Compared with a chimpanzee’s brain, our association areas are enormously large. These areas are found in the temporal, preoccipital, parietal and inferior frontal lobes (see Figure 1). The cortex of these areas can be distinguished histologically from the other cortical areas and even from Broca’s Area (ref. 30, pp.5-12). This suggests that Broca’s Area and the association areas evolved separately (respectively in Phases II and IV?). In my interpretation, most association areas evolved after the breathing and air-holding function of the enlarged Area 4 and Broca’s Area had been integrated with sound generation (Phase III). The new association areas amplified the possible applications of the sound-producing apparatus.
There are indications, I think, that our ancestors returned to a more terrestrial habitat not earlier than two million years ago (in a cooler and drier period of the Pleistocene? see ref. 11). In the hominid fossil record, the great expansion of the association areas seems to begin about two million years ago, with the genus Homo (34,35).

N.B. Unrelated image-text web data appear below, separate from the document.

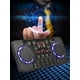 thumbnail image 2 of Btafrte V300 Pro Live Sound Card Mezclador Interfaz Audio 4.0 Compatible Con para Phon, 2 of 9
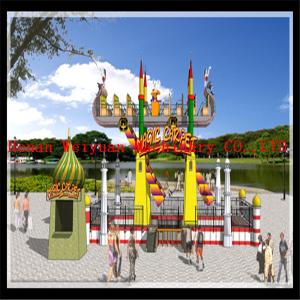 China fairground amusement ride hot sale Arab flying carpet rides wholesale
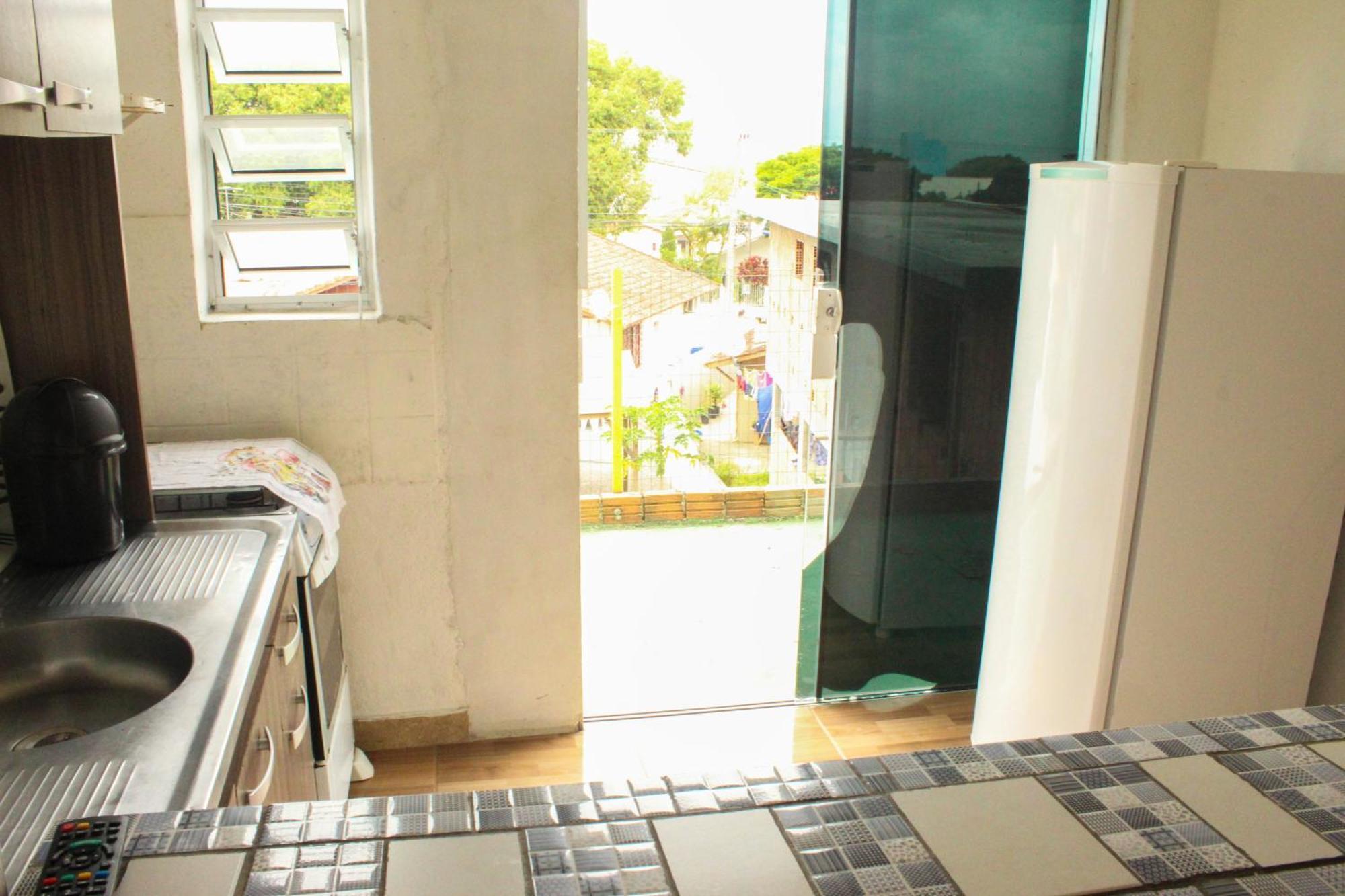 Recanto Do Sol - Apartamentos Para Veraneio Florianópolis Exterior foto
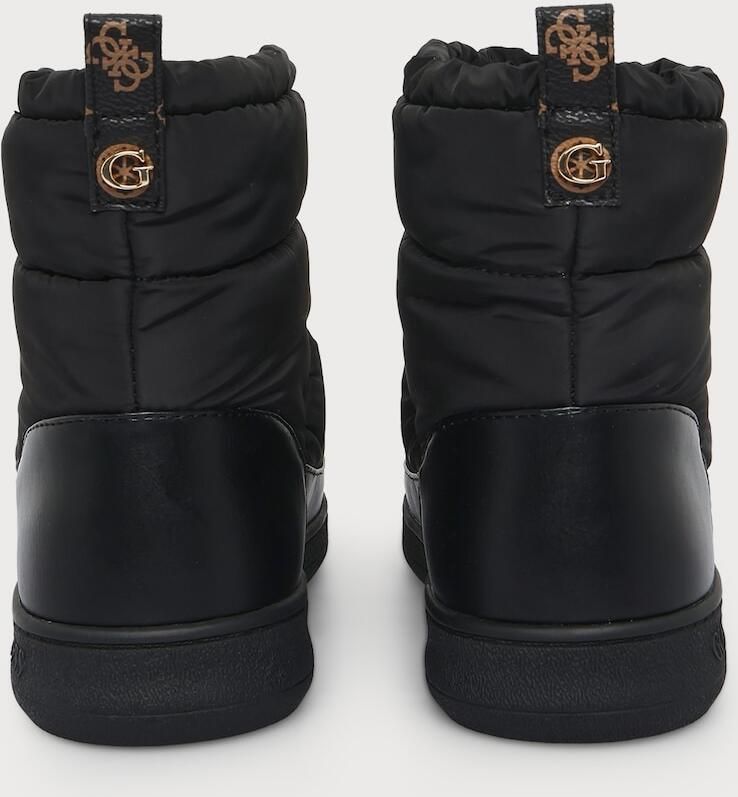 GUESS Snowboots 'VICENT' zwart - Foto 9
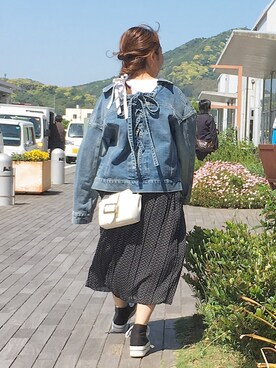 oki⋆さんのコーディネート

The limited brain enlargement of Homo habilis could correspond broadly with the enlargement of Area 4, Broca’s area (34), the arcuate fasciculus and Wernicke’s Area; that of Homo erectus with a further association cortex enlargement.
The relatively small size of the brain of the australopithecines (possibly without a real Area of Broca (34)) could be explained by their dwelling or having dwelt in inland semi-aquatic habitats (e.g. gallery forests), and not in littoral habitats (11). If early Homo lived at the sea coasts, he had to dive deeper and longer than his freshwater cousins, so the voluntary control of this airway muscles became more important. Brain enlargement is a striking feature of many cetaceans. Conceivably, the support of the body (and brain) weight by the surrounding water allowed sea mammals to obtain large brains.
Concerning the relation of language and thought, I assume that a simpler (non-verbal) sort of thinking already existed in our pre-aquatic ancestors, but the great unfolding of human cognitive abilities became possible only after the acquisition of proper input/output organs for the brain. Hence, our great communicational capacities may not have evolved thanks to our large brain; rather the opposite seems true: large association areas only became usable with our voluntary sound production.